** Task requirements **
Only the pictures are to be dropped; return all other data below exactly.

** Data block **
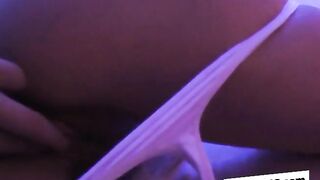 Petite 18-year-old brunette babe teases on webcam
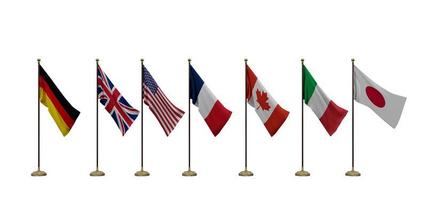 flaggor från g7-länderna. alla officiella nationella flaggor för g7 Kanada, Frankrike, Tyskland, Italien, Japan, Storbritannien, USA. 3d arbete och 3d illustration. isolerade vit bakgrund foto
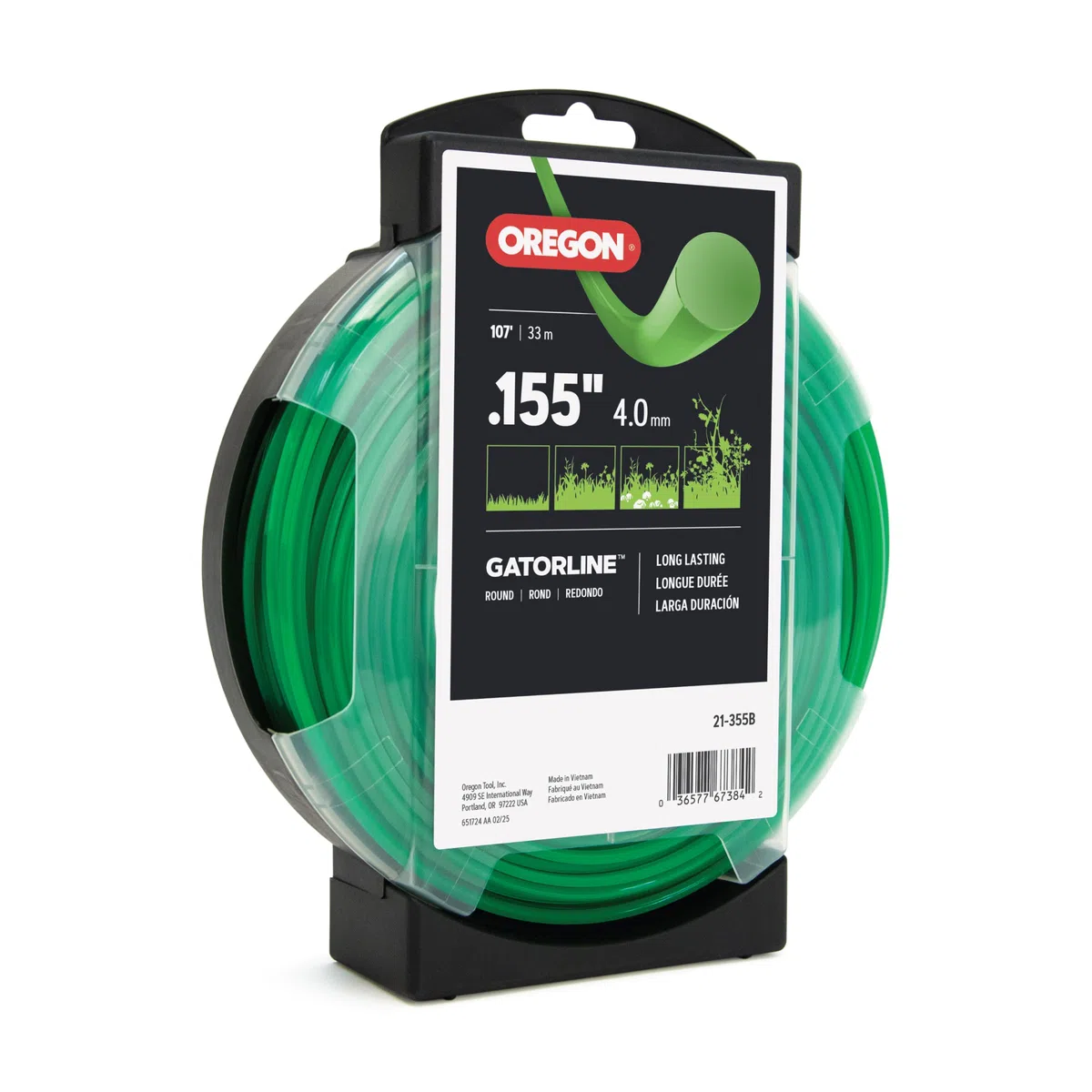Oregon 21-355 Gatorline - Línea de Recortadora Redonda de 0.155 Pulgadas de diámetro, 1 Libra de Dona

** Response to this task **
 Petite 18-year-old brunette babe teases on webcam
 flaggor från g7-länderna. alla officiella nationella flaggor för g7 Kanada, Frankrike, Tyskland, Italien, Japan, Storbritannien, USA. 3d arbete och 3d illustration. isolerade vit bakgrund foto
Oregon 21-355 Gatorline - Línea de Recortadora Redonda de 0.155 Pulgadas de diámetro, 1 Libra de Dona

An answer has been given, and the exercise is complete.